WORK TO BE COMPLETED —
Print all the records below, word for word and in full.

===== RECORDS SHOWN =====

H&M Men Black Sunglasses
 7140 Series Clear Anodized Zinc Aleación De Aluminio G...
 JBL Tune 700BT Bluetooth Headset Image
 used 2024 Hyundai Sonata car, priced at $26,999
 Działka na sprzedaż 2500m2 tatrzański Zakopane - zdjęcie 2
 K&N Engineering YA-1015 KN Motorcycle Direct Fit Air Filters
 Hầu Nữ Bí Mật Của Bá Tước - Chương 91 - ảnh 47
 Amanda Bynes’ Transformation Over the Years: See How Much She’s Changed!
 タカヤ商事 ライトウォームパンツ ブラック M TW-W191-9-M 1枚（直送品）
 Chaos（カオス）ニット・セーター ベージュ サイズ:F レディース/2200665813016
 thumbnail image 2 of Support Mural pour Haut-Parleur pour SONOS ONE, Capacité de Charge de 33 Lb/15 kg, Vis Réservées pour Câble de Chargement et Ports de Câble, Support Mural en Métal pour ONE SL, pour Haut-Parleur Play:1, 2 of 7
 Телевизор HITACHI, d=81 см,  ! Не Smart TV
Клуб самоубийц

=====

SOLVED EXERCISE —
H&M Men Black Sunglasses
 7140 Series Clear Anodized Zinc Aleación De Aluminio G...
 JBL Tune 700BT Bluetooth Headset Image
 used 2024 Hyundai Sonata car, priced at $26,999
 Działka na sprzedaż 2500m2 tatrzański Zakopane - zdjęcie 2
 K&N Engineering YA-1015 KN Motorcycle Direct Fit Air Filters
 Hầu Nữ Bí Mật Của Bá Tước - Chương 91 - ảnh 47
 Amanda Bynes’ Transformation Over the Years: See How Much She’s Changed!
 タカヤ商事 ライトウォームパンツ ブラック M TW-W191-9-M 1枚（直送品）
 Chaos（カオス）ニット・セーター ベージュ サイズ:F レディース/2200665813016
 thumbnail image 2 of Support Mural pour Haut-Parleur pour SONOS ONE, Capacité de Charge de 33 Lb/15 kg, Vis Réservées pour Câble de Chargement et Ports de Câble, Support Mural en Métal pour ONE SL, pour Haut-Parleur Play:1, 2 of 7
 Телевизор HITACHI, d=81 см,  ! Не Smart TV
Клуб самоубийц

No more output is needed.